### Work order
After locating the line with "violetten Tönen. Springer-Logo.", set down that line and all the lines that follow it, unchanged, to the end of the records; omit the pictures.

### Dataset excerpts
[Start of Attachment]
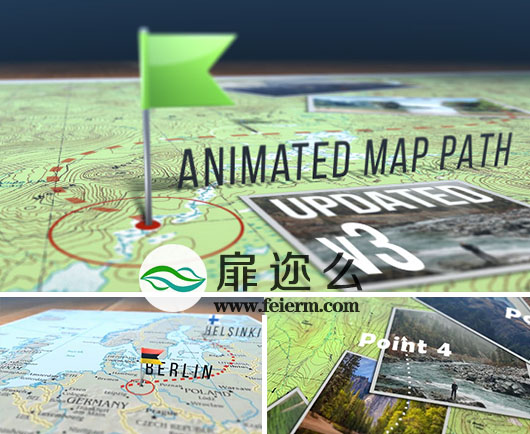 AE模板全球地图旅行标志地点徒步旅游路线连接路径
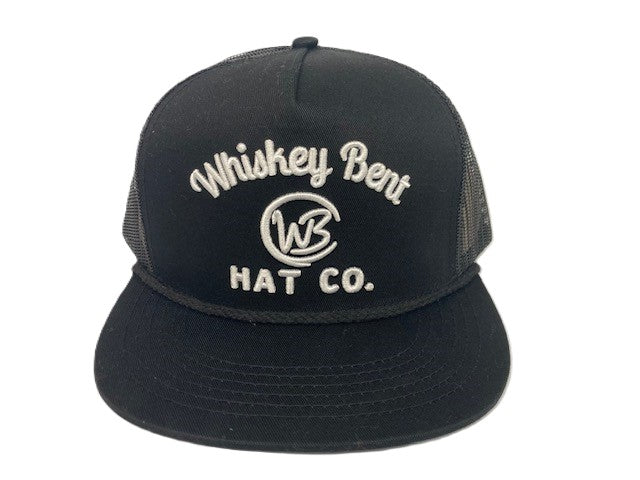 Whiskey Bent Black with White Embroidery Johnny Cash Snapback Cap JOHNNYCASH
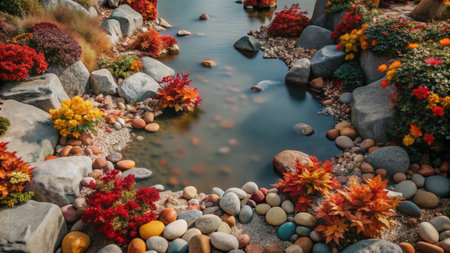 A small pond with colorful rocks and autumn leaves surrounded by flowers.の素材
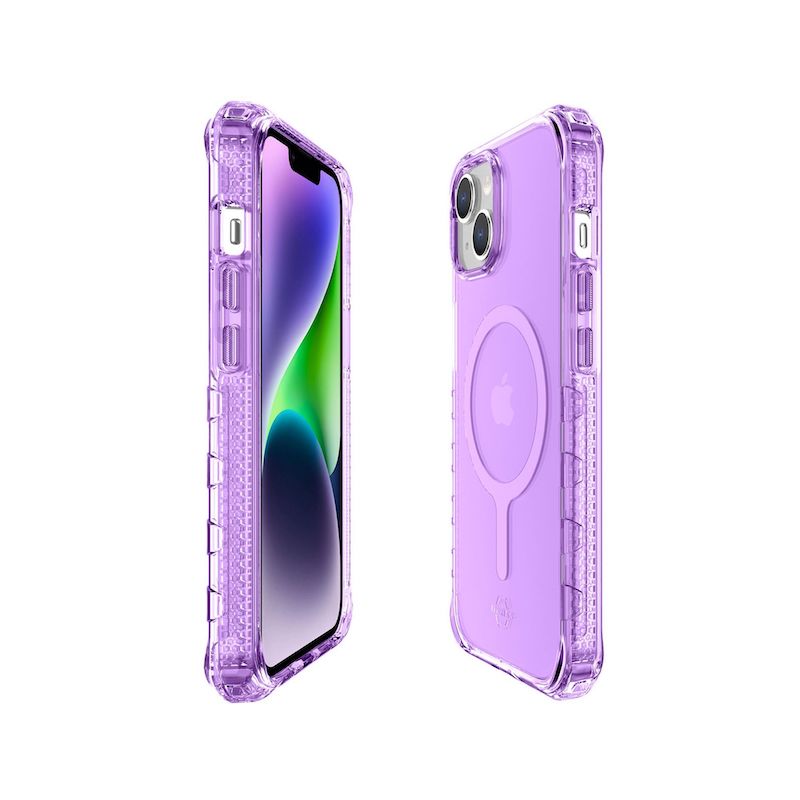 iTSKINS SUPREME MAGCLEAR Magnetic Phone Case for iPhone 14 Plus - Purple | Ultra-Thin Protective Cover with MagSafe Compatibility | Perfect for Work, Travel & Everyday Use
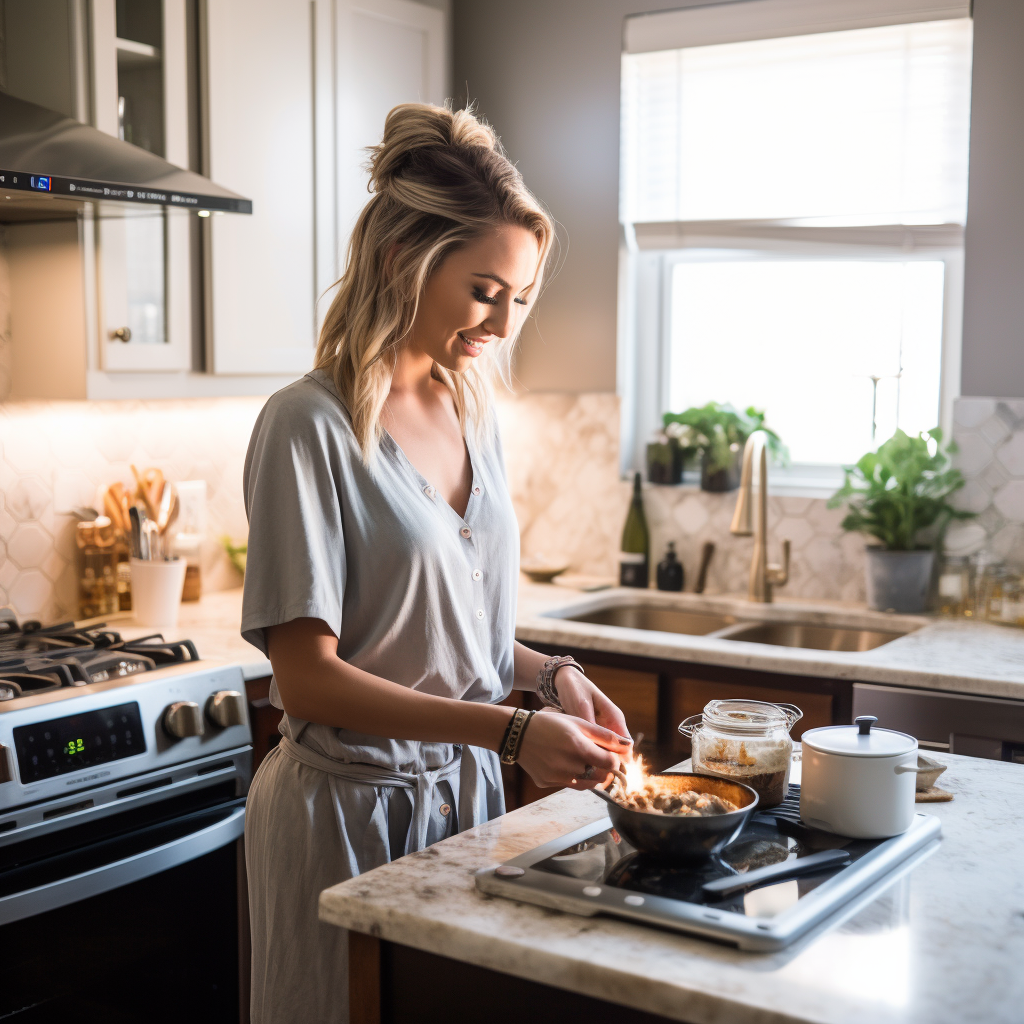 Food blogger cooking in kitchen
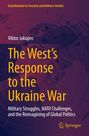 Text: "The West’s Response to the Ukraine War" steht in Gelb. Hintergrund: Weltkarte in violetten Tönen. Springer-Logo.
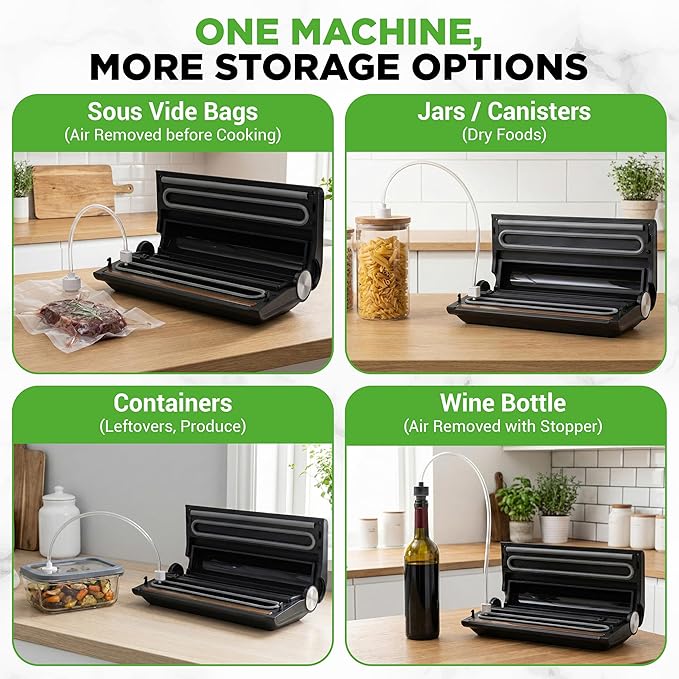NutriChef Vacuum Sealer Machine, 80kPa Food Vacuum Sealer with Cutter, Bag Storage, Suction Hose, 1 Bag Roll & 5 Vacuum Bags to Ensure Freshness, Suitable for Freezer Meal Prep & Portioning 14"x7"x3"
[End of Attachment]
### Output for this exercise
 Text: "The West’s Response to the Ukraine War" steht in Gelb. Hintergrund: Weltkarte in violetten Tönen. Springer-Logo.
NutriChef Vacuum Sealer Machine, 80kPa Food Vacuum Sealer with Cutter, Bag Storage, Suction Hose, 1 Bag Roll & 5 Vacuum Bags to Ensure Freshness, Suitable for Freezer Meal Prep & Portioning 14"x7"x3"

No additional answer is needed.